-- Required work --
Return each line of the records with nothing changed, pictures excepted.

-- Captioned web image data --

━━━━

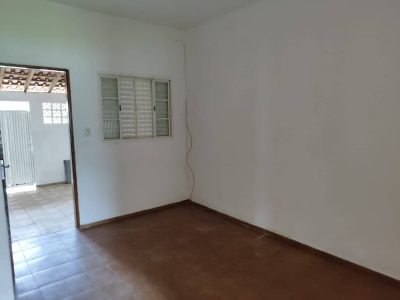 Casa, 2 quartos, 115 m² - Foto 5
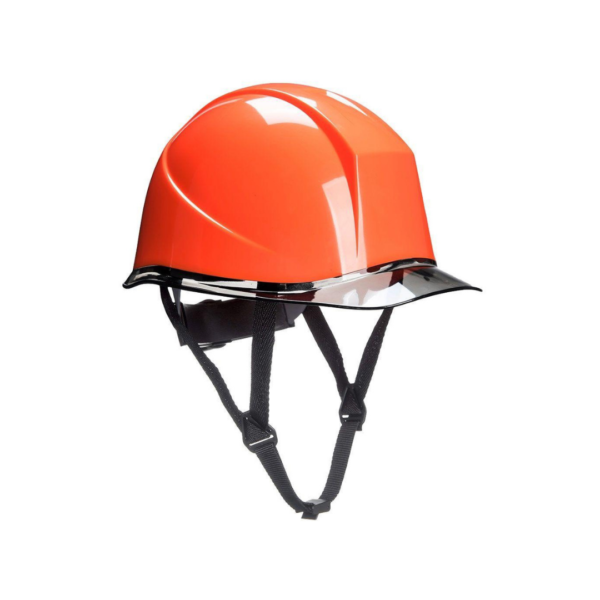 Helmet Portwest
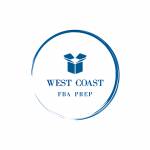 WEST COAST PREP AND 3PL SERVICES Profile Picture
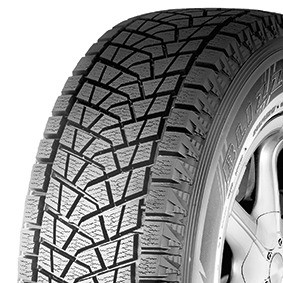 BRIDGESTONE DM Z3 225/70R17 108 Q XL RBT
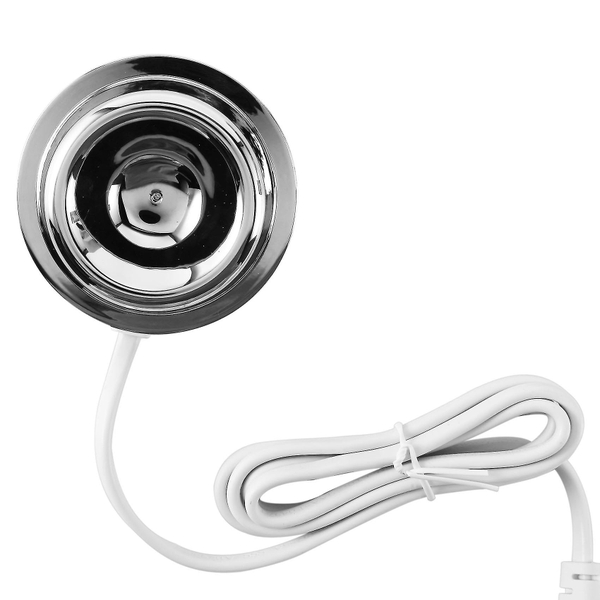 Đế sạc bàn chải điện Philips Sonicare DiamondClean dòng HX99 (cho 9000, 9300, 9500, 9700)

━━━━

-- Answer space --
 Casa, 2 quartos, 115 m² - Foto 5
 Helmet Portwest
 WEST COAST PREP AND 3PL SERVICES Profile Picture
 BRIDGESTONE DM Z3 225/70R17 108 Q XL RBT
 Đế sạc bàn chải điện Philips Sonicare DiamondClean dòng HX99 (cho 9000, 9300, 9500, 9700)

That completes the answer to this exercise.